Problem to solve. Answer with the exact lines of the following material from the one containing "Penis Sipping Straws 10 Pack - TFA" through the one containing "Atomic Silver 2024", both end lines included.

********

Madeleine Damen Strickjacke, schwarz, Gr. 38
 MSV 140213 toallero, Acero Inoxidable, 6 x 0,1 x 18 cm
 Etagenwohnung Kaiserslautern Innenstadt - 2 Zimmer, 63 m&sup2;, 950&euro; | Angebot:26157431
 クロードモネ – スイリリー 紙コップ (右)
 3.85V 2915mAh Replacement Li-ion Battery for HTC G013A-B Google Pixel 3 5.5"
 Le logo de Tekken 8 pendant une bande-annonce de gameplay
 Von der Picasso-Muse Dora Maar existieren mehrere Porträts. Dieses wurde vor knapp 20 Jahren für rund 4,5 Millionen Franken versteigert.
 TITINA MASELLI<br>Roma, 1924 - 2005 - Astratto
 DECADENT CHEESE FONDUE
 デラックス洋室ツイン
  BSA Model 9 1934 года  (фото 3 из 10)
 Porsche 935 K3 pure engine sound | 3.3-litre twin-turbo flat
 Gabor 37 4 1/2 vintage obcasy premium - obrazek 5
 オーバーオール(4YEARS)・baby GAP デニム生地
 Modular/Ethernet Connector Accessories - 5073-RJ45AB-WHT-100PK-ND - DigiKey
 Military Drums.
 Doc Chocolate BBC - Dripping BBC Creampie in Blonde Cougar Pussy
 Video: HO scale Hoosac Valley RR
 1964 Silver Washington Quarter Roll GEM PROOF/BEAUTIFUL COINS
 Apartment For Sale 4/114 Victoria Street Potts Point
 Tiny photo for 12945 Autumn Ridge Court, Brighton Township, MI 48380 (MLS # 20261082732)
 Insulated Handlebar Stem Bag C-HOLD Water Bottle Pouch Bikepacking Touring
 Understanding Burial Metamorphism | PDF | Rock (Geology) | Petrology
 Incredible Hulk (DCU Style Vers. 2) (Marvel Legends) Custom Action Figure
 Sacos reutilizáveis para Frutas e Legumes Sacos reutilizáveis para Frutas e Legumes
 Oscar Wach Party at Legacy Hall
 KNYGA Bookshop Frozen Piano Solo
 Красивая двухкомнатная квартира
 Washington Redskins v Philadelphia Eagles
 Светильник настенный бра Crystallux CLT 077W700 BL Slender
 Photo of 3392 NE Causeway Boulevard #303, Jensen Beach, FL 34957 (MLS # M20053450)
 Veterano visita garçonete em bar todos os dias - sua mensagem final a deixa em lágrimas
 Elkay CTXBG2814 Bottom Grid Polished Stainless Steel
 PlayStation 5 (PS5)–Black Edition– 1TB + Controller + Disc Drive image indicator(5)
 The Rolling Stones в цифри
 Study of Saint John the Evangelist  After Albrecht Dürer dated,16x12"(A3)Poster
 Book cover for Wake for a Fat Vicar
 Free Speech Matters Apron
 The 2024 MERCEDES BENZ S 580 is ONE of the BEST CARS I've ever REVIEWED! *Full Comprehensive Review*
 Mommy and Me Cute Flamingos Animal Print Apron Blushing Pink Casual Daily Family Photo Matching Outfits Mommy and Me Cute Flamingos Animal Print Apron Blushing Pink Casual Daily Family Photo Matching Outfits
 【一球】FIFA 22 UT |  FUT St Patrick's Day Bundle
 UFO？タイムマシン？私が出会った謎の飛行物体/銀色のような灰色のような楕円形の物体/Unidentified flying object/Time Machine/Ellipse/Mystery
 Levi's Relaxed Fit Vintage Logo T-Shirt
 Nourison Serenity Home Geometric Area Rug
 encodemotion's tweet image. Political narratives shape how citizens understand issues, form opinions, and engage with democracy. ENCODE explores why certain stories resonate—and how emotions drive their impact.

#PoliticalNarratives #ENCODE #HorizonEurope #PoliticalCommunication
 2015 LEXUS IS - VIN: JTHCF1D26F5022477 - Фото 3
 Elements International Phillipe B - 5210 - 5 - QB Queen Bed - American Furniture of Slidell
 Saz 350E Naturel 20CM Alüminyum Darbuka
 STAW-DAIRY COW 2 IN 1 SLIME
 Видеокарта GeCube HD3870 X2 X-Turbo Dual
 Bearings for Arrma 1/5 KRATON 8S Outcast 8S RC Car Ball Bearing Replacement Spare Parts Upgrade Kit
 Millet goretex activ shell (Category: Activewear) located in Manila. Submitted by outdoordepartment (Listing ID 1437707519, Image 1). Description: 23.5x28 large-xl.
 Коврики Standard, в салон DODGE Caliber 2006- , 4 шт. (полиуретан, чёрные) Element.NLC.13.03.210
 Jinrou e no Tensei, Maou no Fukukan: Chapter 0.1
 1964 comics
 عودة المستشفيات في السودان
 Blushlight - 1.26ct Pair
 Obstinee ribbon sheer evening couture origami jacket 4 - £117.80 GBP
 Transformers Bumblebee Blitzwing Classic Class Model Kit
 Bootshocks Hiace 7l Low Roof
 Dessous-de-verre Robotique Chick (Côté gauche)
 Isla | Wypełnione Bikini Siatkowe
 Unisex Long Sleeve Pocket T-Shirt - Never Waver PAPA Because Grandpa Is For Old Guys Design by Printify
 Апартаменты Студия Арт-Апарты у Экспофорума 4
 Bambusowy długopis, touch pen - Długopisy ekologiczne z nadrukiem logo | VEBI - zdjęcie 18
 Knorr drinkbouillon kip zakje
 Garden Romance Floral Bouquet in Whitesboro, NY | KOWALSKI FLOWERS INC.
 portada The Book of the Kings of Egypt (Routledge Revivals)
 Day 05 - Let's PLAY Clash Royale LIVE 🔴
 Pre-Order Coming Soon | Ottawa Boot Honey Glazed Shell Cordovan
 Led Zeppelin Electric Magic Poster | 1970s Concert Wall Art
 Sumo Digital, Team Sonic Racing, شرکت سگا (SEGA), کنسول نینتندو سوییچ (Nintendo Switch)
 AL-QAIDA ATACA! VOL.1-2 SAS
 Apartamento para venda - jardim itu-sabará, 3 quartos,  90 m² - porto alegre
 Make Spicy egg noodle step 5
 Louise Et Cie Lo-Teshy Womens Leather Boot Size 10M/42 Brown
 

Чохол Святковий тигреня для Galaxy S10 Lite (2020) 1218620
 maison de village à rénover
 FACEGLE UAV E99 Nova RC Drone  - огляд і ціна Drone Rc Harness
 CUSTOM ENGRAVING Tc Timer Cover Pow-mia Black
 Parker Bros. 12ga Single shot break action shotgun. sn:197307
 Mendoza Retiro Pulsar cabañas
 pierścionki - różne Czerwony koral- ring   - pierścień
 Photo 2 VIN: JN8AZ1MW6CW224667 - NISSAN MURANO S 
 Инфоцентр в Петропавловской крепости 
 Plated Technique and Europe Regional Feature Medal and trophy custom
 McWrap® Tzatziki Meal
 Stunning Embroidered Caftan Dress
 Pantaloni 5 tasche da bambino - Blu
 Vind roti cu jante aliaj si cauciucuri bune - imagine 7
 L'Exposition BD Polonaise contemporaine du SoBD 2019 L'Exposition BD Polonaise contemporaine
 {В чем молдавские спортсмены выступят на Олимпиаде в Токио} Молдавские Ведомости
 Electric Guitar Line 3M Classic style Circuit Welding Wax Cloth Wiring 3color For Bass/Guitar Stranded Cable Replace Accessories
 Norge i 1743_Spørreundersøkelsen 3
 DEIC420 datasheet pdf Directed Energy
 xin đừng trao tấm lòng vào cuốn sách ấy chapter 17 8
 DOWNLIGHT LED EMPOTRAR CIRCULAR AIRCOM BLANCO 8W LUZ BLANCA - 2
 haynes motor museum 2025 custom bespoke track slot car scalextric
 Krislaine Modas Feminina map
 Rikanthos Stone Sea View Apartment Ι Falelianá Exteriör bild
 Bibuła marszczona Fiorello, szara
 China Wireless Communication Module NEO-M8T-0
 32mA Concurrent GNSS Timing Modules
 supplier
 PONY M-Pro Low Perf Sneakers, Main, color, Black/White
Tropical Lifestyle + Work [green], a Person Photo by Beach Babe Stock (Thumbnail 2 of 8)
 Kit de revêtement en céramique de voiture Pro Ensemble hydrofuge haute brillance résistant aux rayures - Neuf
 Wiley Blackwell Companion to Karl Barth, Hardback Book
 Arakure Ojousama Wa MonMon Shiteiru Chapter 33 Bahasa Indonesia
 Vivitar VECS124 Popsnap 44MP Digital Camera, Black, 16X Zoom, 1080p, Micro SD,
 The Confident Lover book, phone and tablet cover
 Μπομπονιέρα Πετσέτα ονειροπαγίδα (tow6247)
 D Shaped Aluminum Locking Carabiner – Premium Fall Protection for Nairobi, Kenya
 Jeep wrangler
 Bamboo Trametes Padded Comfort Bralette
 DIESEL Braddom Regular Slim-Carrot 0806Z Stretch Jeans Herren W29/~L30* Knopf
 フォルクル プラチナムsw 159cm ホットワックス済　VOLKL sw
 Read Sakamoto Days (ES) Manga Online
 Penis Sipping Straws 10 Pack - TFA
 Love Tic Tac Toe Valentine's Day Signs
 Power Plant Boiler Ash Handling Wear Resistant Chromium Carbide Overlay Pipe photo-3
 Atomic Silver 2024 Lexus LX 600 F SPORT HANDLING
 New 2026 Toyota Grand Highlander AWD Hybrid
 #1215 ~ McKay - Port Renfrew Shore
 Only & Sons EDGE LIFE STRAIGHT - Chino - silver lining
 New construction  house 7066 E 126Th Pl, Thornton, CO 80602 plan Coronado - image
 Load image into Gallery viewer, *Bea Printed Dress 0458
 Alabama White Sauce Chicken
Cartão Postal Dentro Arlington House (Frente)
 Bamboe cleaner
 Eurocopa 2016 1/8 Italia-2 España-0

********

Your solution.
 Penis Sipping Straws 10 Pack - TFA
 Love Tic Tac Toe Valentine's Day Signs
 Power Plant Boiler Ash Handling Wear Resistant Chromium Carbide Overlay Pipe photo-3
 Atomic Silver 2024 Lexus LX 600 F SPORT HANDLING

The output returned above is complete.